Question about partial derivative relations for complex numbers

[binbagsss]

Apologies this is probably a very bad question but it's been a while since I have seen this.

I have $z=x+iy$. I need to convert $\frac{\partial \psi(z)}{\partial z}$ , with $\psi$ some function of $z$, in terms of $x$ and $y$
I have $dz=dx+idy$. so
$\frac{\partial \psi }{\partial z}=\frac{\partial \psi}{\partial x+i \partial y}$
But I am not sure how to simplify futher as I don't think you can't write
$\frac{\partial \psi}{\partial x+i \partial y} = \frac{\partial \psi}{\partial x} +\frac{1}{i}\frac{\partial \psi}{ \partial y}$?

Thanks

 

[fresh_42]

Some function is little information. Say it is complex differentiable and $\psi\, : \,\mathbb{C}\longrightarrow \mathbb{C}.$ Then we have $\psi(z)=\psi(x+iy)=u(x+iy)+i v(x+iy).$ Written as real functions, we get $u,v\, : \,\mathbb{R}^2\longrightarrow \mathbb{R}$ with $u(x,y)=u(x+iy)$ and $v(x,y)=v(x+iy).$ It makes no sense to use different letters, but you can use a prime if you like since these equalities are not proper equalities, just correspondences. Now, you can consider the partial derivatives
$$
\dfrac{\partial u}{\partial x}\, , \,\dfrac{\partial u}{\partial y}\, , \,\dfrac{\partial v}{\partial x}\, , \,\dfrac{\partial v}{\partial y}
$$
In order to be complex differentiable, the complex derivative has to be complex linear, not only real linear. Thus we have the additional requirements
$$
\dfrac{\partial u}{\partial x}=\dfrac{\partial v}{\partial y}\;\text{ and }\;\dfrac{\partial u}{\partial y}=-\dfrac{\partial v}{\partial x}\quad (2)
$$

I would have approached it without the deviation along the real numbers and would have used the Weierstraß formula and complex linearity, but the above is how it is done with real components and the Cauchy-Riemann equations (2).

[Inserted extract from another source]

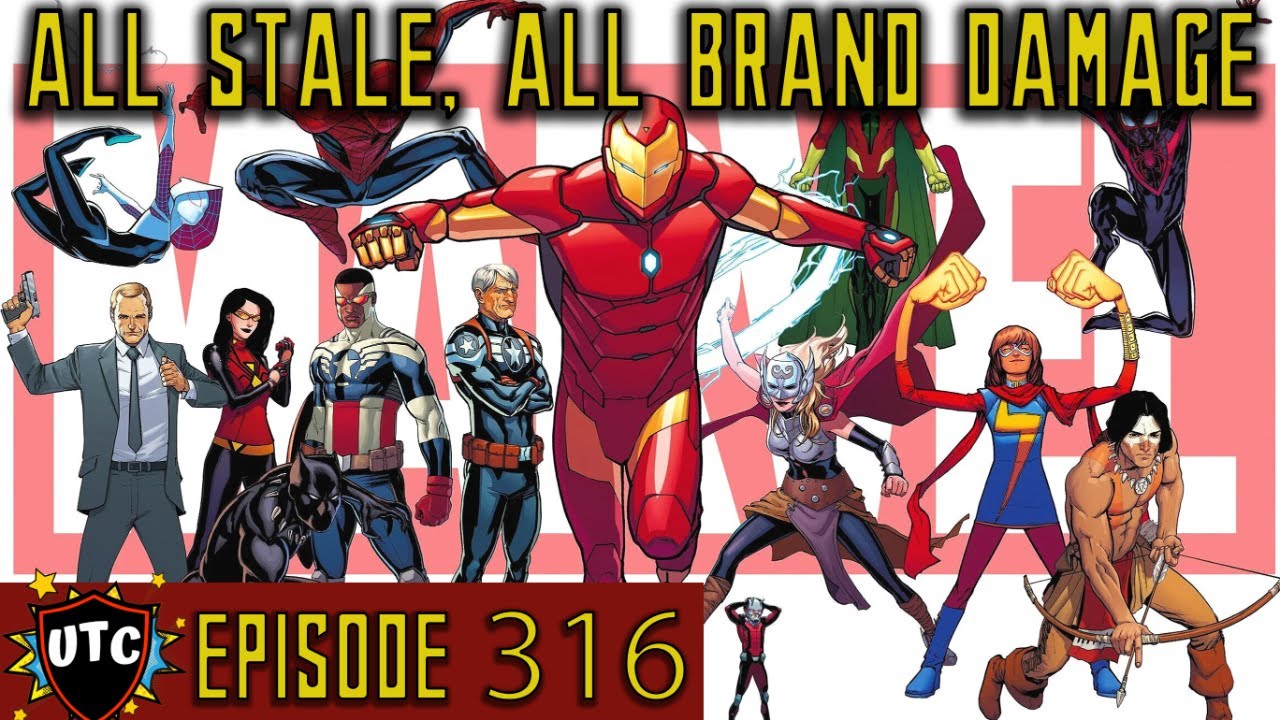 The Era That Broke Marvel Comics / All-New All-Different Marvel | UTC Podcast 316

https://www.physicsforums.com/insights/an-overview-of-complex-differentiation-and-integration/
could also be helpful.

 

[martinbn]

Apologies this is probably a very bad question but it's been a while since I have seen this.

I have $z=x+iy$. I need to convert $\frac{\partial \psi(z)}{\partial z}$ , with $\psi$ some function of $z$, in terms of $x$ and $y$
I have $dz=dx+idy$. so
$\frac{\partial \psi }{\partial z}=\frac{\partial \psi}{\partial x+i \partial y}$
But I am not sure how to simplify futher as I don't think you can't write
$\frac{\partial \psi}{\partial x+i \partial y} = \frac{\partial \psi}{\partial x} +\frac{1}{i}\frac{\partial \psi}{ \partial y}$?

Thanks

$\frac{\partial f}{\partial z}=\frac12\left( \frac{\partial f}{\partial x} -i\frac{\partial f}{\partial y}\right)$

 

[weirdoguy]

I have dz=dx+idy. so

Your "so" does not follow. It does not work that way for multiple reasons, but the very first thing you should be concerned with is that you use $d$ before "so" and $\partial$ after.

 

[binbagsss]

Some function is little information. Say it is complex differentiable and $\psi\, : \,\mathbb{C}\longrightarrow \mathbb{C}.$ Then we have $\psi(z)=\psi(x+iy)=u(x+iy)+i v(x+iy).$ Written as real functions, we get $u,v\, : \,\mathbb{R}^2\longrightarrow \mathbb{R}$ with $u(x,y)=u(x+iy)$ and $v(x,y)=v(x+iy).$ It makes no sense to use different letters, but you can use a prime if you like since these equalities are not proper equalities, just correspondences. Now, you can consider the partial derivatives
$$
\dfrac{\partial u}{\partial x}\, , \,\dfrac{\partial u}{\partial y}\, , \,\dfrac{\partial v}{\partial x}\, , \,\dfrac{\partial v}{\partial y}
$$
In order to be complex differentiable, the complex derivative has to be complex linear, not only real linear. Thus we have the additional requirements
$$
\dfrac{\partial u}{\partial x}=\dfrac{\partial v}{\partial y}\;\text{ and }\;\dfrac{\partial u}{\partial y}=-\dfrac{\partial v}{\partial x}\quad (2)
$$

I would have approached it without the deviation along the real numbers and would have used the Weierstraß formula and complex linearity, but the above is how it is done with real components and the Cauchy-Riemann equations (2).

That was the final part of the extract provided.